Cela se passait comment concrètement ?
Pour l’endurcissement, nous nous frappions sur le corps chacun notre tour. Pas les jambes, c’est une habitude plus récente. Quand on pratiquait le kata Sanchin, c’est un ancien qui nous frappait. Pour le renforcement, on utilisait les fameux objets de musculation d’Okinawa. On utilisait beaucoup le Chiishi, une pierre au bout d’un bâton, pour muscler les bras et les poignets, et puis bien sûr la jarre, on dit Nigiri Game, dans laquelle on rajoutait du sable pour porter plus lourd. Il y avait aussi des haltères en pierre avec une poignée un peu comme des « Kettelbell », que l’on appelle Sashi. De temps en temps, on travaillait aussi avec le Kongoken, ce gros anneau ovale de métal de la taille d’un homme, mais c’était plus rare. Avec ça, nous étions contents, on était là pour souffrir de toute façon. Et d’ailleurs, ce n’était pas si mal pour la jeunesse, ce type d’entraînement. On faisait aussi beaucoup de makiwara, mais celui d’Okinawa était beaucoup plus souple, ce qui nous obligeait à entrer dans la distance pour mettre de l’impact. Ceux que l’on trouve ici sont souvent trop durs, on a l’impression de frapper un mur.

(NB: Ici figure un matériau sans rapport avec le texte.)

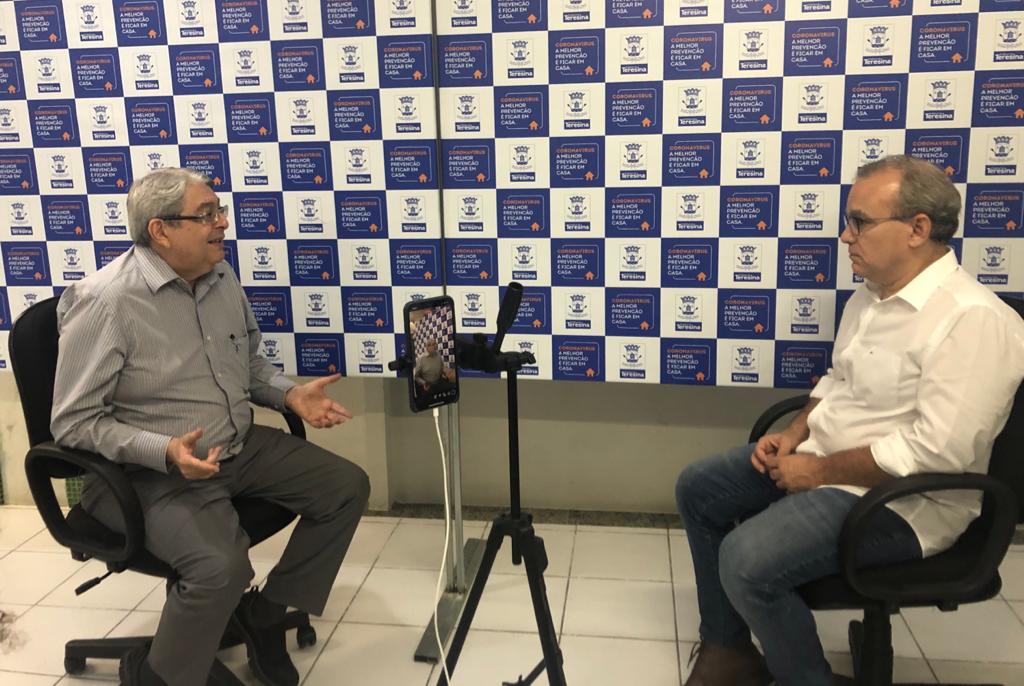 Médico reumatologista José Tupinambá e prefeito Firmino Filho.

Et pour le Kobudo, vous avez commencé comment ?
Maintenant, tout cela fait partie de la ville de Naha mais, quand j’étais jeune, c’était des agglomérations autour. Moi, j’étais de Mawashi et plus précisément du village de Uema. La spécialité, c’était le combat au bâton. Des bâtons de grande taille, un peu plus de 1m80. On en trouvait dans beaucoup d’habitations, ils étaient nombreux à savoir les faire. Nous, les enfants, jouions sur les places et ceux qui savaient nous montraient comment faire. Je me souviens que les dix plus forts faisaient partie de la milice du village. Quand il y avait un problème, ils intervenaient. La police mettait longtemps à arriver. J’ai vu attraper quelques voleurs ! C’est pour cela que, quand je suis arrivé à l’Université, j’ai voulu continuer le karaté, mais aussi apprendre le kobudo avec Matayoshi Sensei.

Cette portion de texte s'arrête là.